My insecurities quickly vanished once I was with the students – I do not know why I put so much pressure on myself… we are all learning! I began with a brainstorming session, where I had the students gather around a few poster boars. Their task was to write down everything they knew about Residential Schools – no thought or idea was wrong! The point of this activity was for me to gain a better understanding as to where the students were at in terms of background knowledge – I would then adapt my teaching as required. I was shocked to see how much the student actually knew; my feelings of inferiority slowly crept back in, but for a different reason this time…I had underestimated what the students would know and was worried I would not be able to teach them anything new! The dynamics shifted as we began to discuss what they had written down through brainstorming – I quickly realized that in this experience, they would be the teacher and I would be the learner…quite an empowering experience to say the least!
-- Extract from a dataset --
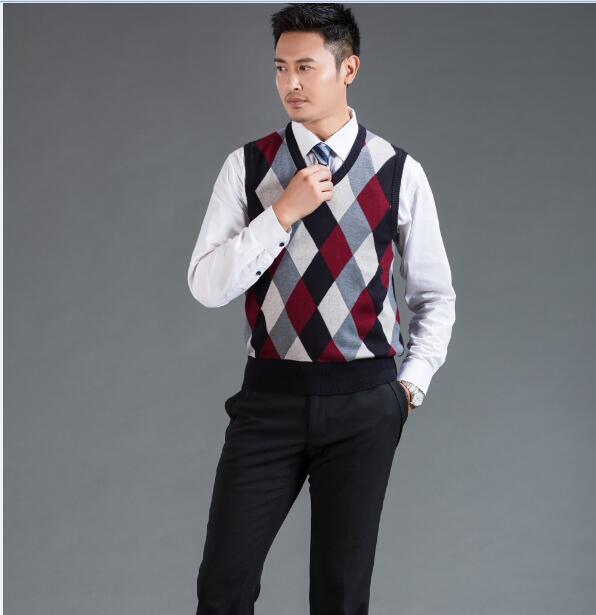 Mens Autumn Argyle Sleeveless Sweater V Neck Man Woo Clothes Knit Vest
As we began to explore the Witness Blanket itself, the students were so excited; I began by allowing the students time to explore the artifacts before digging into the information (activity before content). The Witness Blanket can be overwhelming, as there is so much to take in, but at the same time powerful, as the beauty of the pieces speak for themselves. Some students chose to take a step back and view the Blanket from afar, while others took a more ‘up close and personal’ approach with the blanket – I was understanding of both experiences, as I had felt a multiplicities of emotions thus far in this process (hesitancy, fear, excitement, interest, etc.). Once the exploration began to wrap up, we dove right into discussion. The students had so many questions and it was a refreshing experience to have an informal conversation about things the students and I had both been wondering about lately.
Our session ended by unpacking our thoughts, perspectives and conversations. I truly believe that this reflective aspect of the experience was vital – spending time with the Witness Blanket is an overwhelming venture, reflecting is key. We revisited our initial brainstorming and began to discuss what we are now wondering. I was, again, surprised at some of the things the students had to say and was at a loss for words when trying to respond to some of their questions thoughtfully:
“Why can’t we just move forward? Why can’t we forget about what has happened in the past? Like the Treaties. Why do we still have Treaties when it is not fair for everyone? Why can’t we re-write the Treaties and make things better for everyone now and in the future? It’s just not fair. I wish that I could take some of the pain so our First Nations people can start to feel better.”
I am sure at this point my jaw hit the floor; I was so moved by each student’s expression of empathy. If nothing else, I know that this experience has tugged on the heartstrings of many as we discussed the ways in which we can move forward as one – reaching a point of reconciliation. I may not have been an expert coming into this experience, but that is okay. I may have learned more than I actually taught during the time spent with the students. I now see the power behind conversation – dialogue helps us to expand our perspectives and grow in ways we might have never imagined. It is through conversation that we find ourselves and others coming together, walking together; navigating this journey as one.
It is truly amazing how one sole entity, such as the Witness Blanket, can evoke a multiplicity of emotions while bringing so many people together. I am now able to see the importance of this piece in response to reconciliation – when you spend time with the Witness Blanket, it really makes you think about what has happened in the past. It really makes you wonder why our history tells itself like it does. It makes you feel a glimmering sense of hope for the future; it allows you to begin to see yourself within this narrative past, present and future – an empowering entity all on its own.